▸ WHAT YOU HAVE TO DO: Among the lines below, copy each one in which "Purple" appears.

[Scraped caption text data]
★ ★ ★ ★

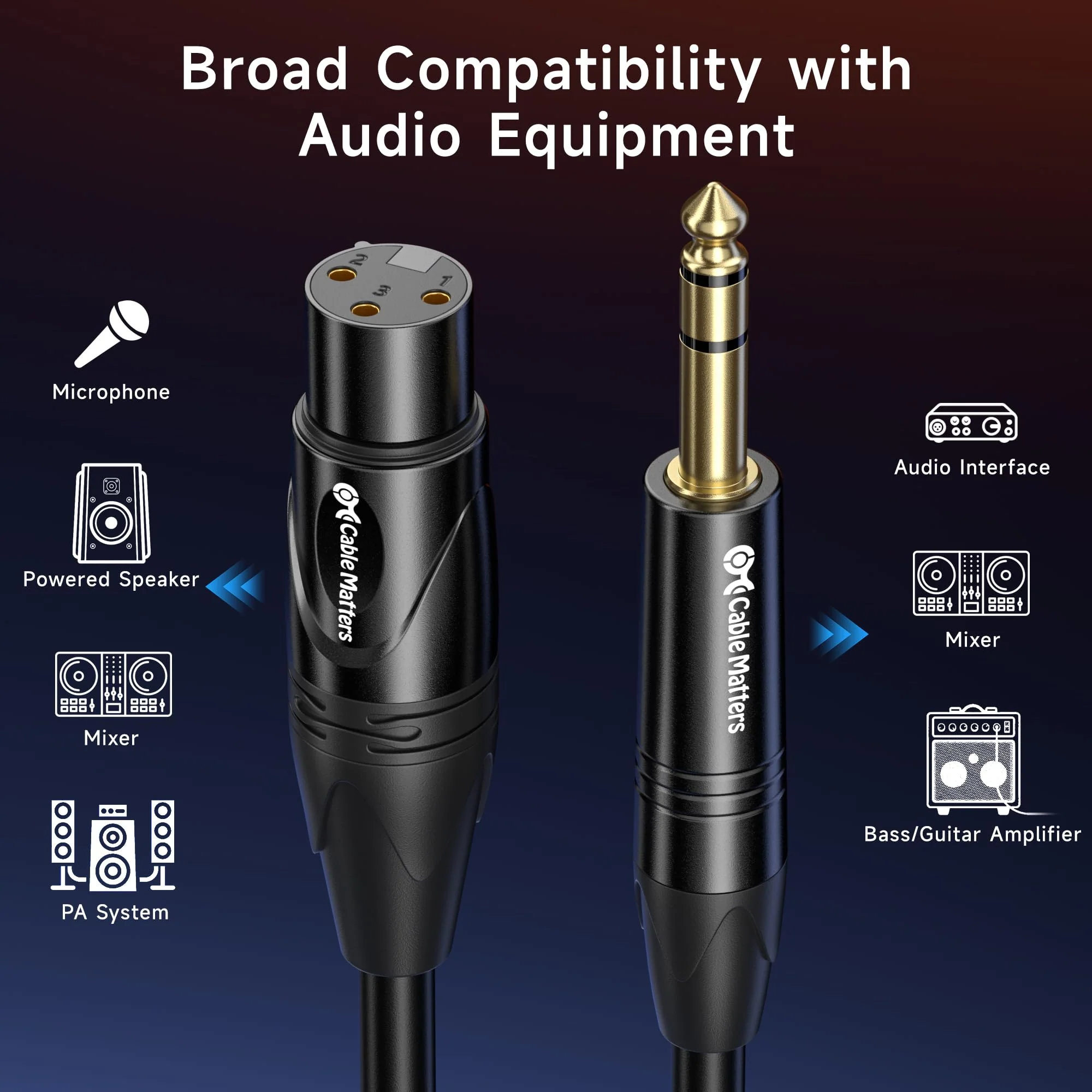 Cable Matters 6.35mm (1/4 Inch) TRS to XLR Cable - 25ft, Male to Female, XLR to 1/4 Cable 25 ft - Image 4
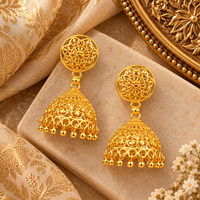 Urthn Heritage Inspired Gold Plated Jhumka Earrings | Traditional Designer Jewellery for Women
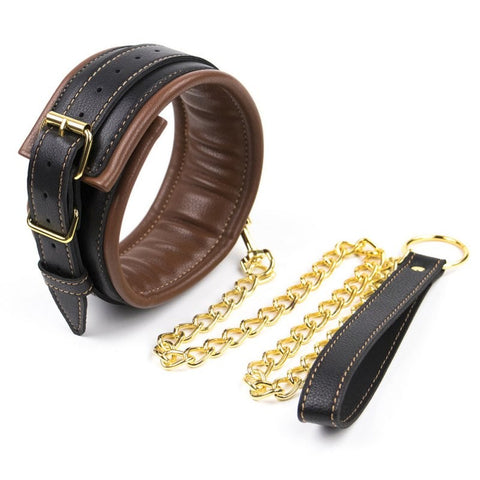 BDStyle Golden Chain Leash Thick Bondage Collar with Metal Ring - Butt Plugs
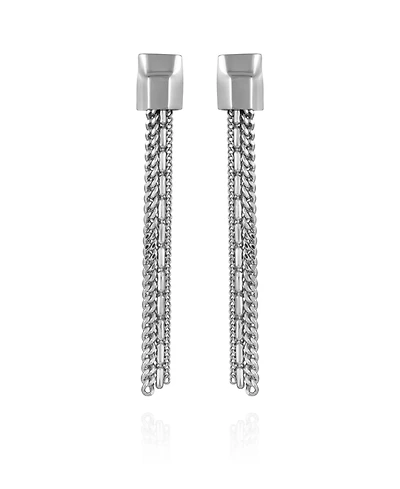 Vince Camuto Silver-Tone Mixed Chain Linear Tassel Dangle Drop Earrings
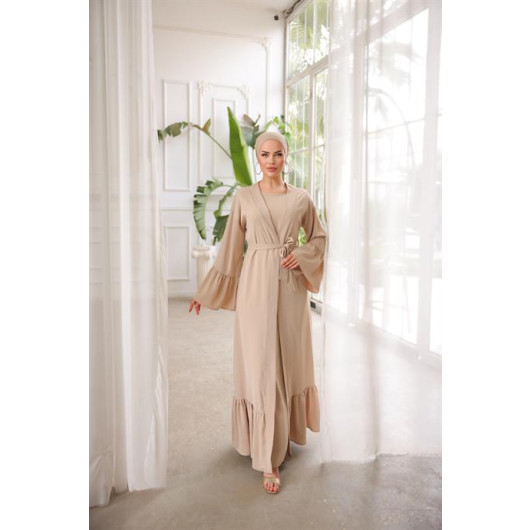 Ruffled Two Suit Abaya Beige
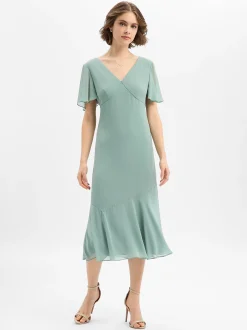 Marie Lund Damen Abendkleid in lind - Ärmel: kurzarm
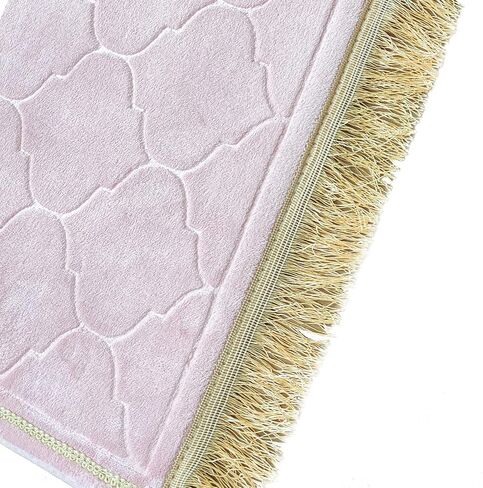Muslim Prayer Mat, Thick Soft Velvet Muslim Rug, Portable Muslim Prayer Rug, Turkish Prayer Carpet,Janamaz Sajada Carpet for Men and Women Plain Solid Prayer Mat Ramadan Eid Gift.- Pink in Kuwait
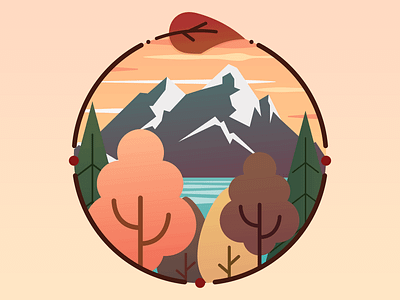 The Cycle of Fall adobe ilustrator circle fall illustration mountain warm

★ ★ ★ ★

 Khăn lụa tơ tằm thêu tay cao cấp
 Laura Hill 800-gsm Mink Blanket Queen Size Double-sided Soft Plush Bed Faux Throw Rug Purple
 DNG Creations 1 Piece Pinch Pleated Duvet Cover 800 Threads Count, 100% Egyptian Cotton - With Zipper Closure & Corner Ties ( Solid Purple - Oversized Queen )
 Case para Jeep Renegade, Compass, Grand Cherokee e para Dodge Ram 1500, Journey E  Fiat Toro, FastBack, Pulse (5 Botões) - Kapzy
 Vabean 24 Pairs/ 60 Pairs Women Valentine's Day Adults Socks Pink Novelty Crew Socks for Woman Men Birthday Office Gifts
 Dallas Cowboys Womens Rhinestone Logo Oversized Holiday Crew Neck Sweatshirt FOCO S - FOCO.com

★ ★ ★ ★

▸ ANSWER TO THIS TASK:
 Laura Hill 800-gsm Mink Blanket Queen Size Double-sided Soft Plush Bed Faux Throw Rug Purple
 DNG Creations 1 Piece Pinch Pleated Duvet Cover 800 Threads Count, 100% Egyptian Cotton - With Zipper Closure & Corner Ties ( Solid Purple - Oversized Queen )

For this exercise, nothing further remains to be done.